* [Task brief]: Retype each line of the material exactly, please, skipping any picture in it.
───── Data excerpt ─────
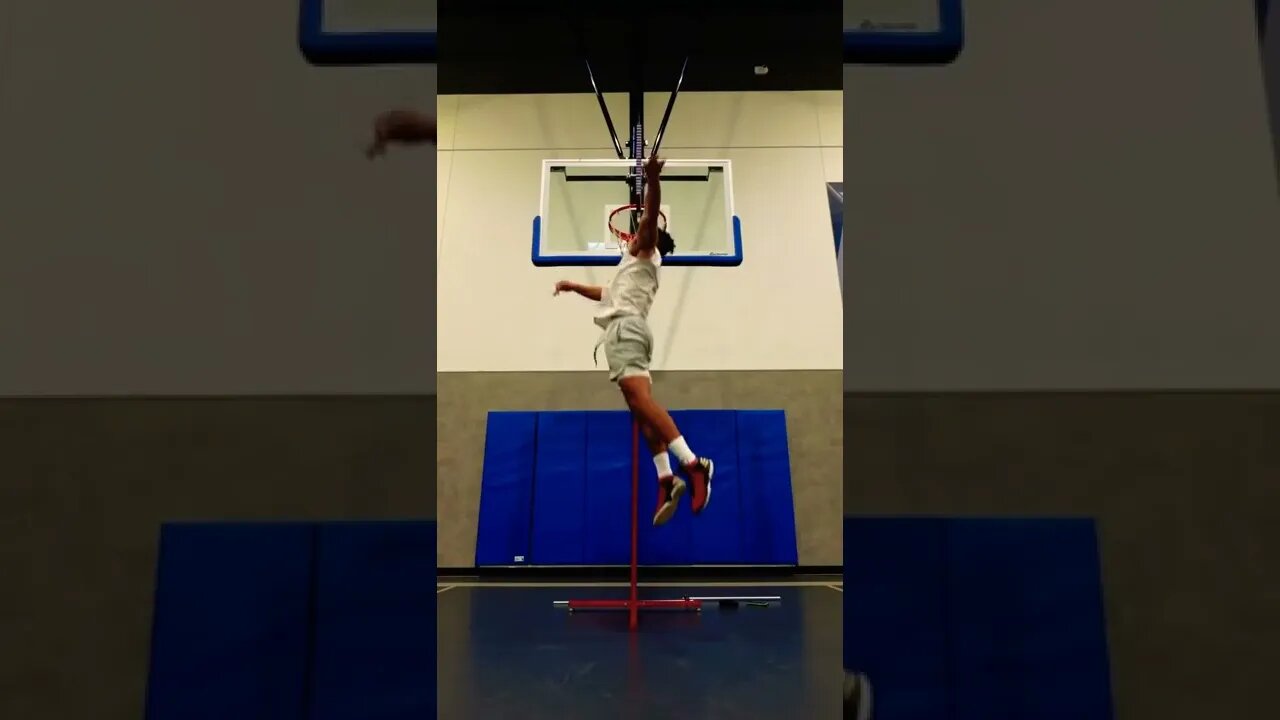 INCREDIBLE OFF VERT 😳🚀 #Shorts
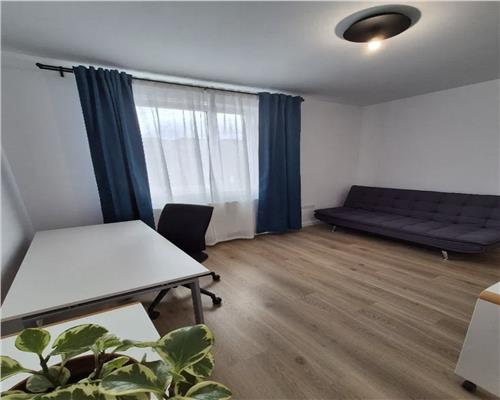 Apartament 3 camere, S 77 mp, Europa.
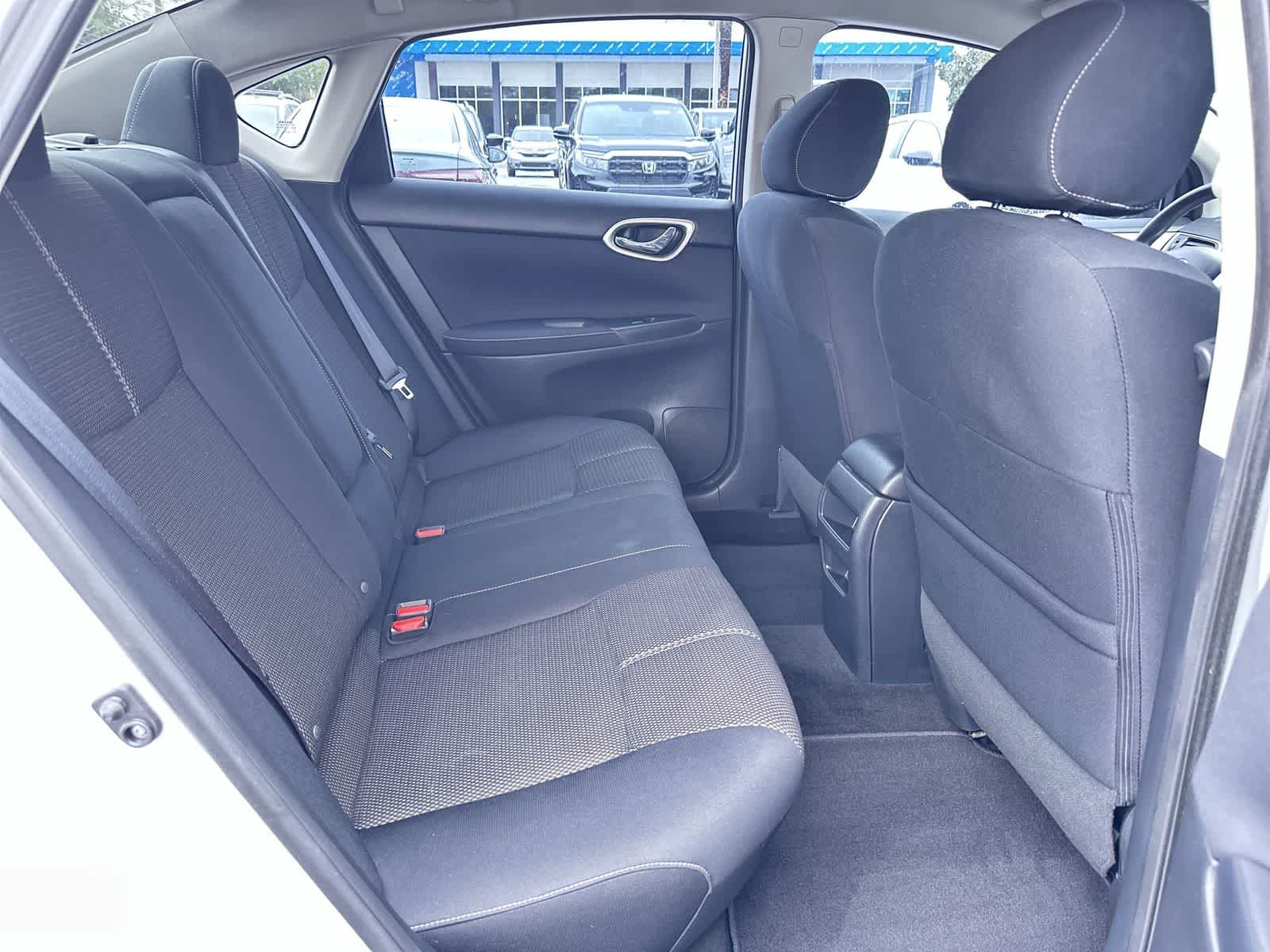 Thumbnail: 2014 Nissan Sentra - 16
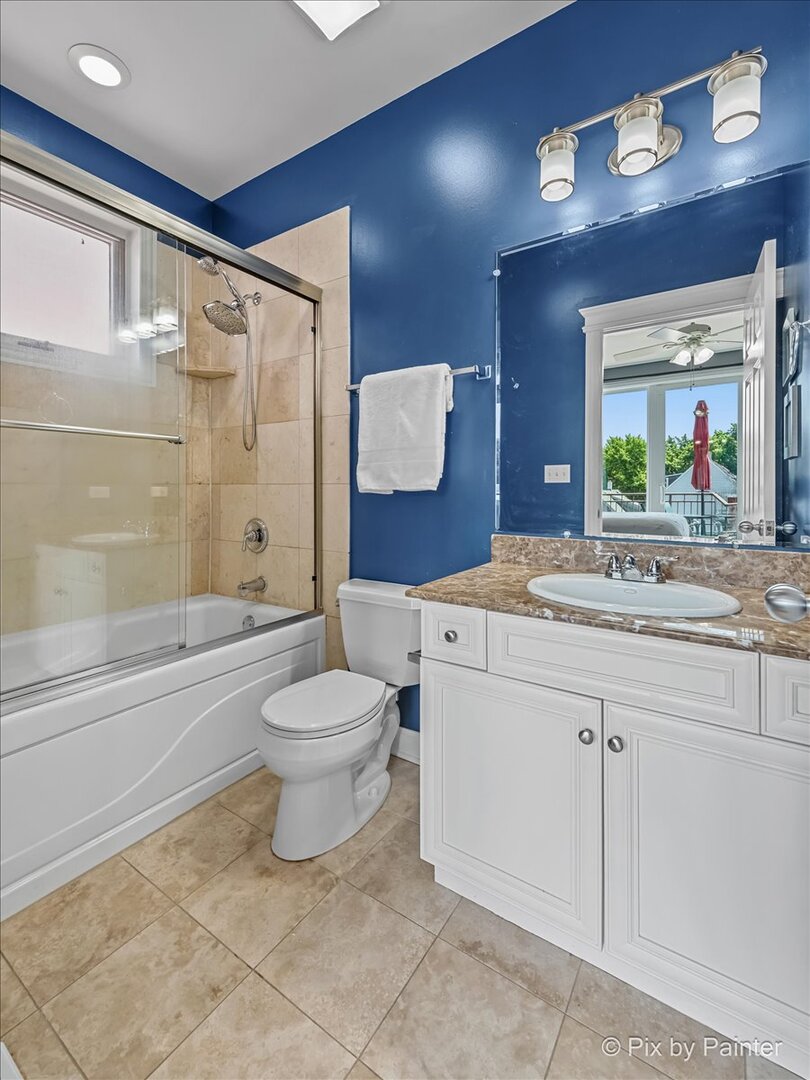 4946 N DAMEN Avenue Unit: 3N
─────
* [Solution for this exercise]:
 INCREDIBLE OFF VERT 😳🚀 #Shorts
 Apartament 3 camere, S 77 mp, Europa.
 Thumbnail: 2014 Nissan Sentra - 16
 4946 N DAMEN Avenue Unit: 3N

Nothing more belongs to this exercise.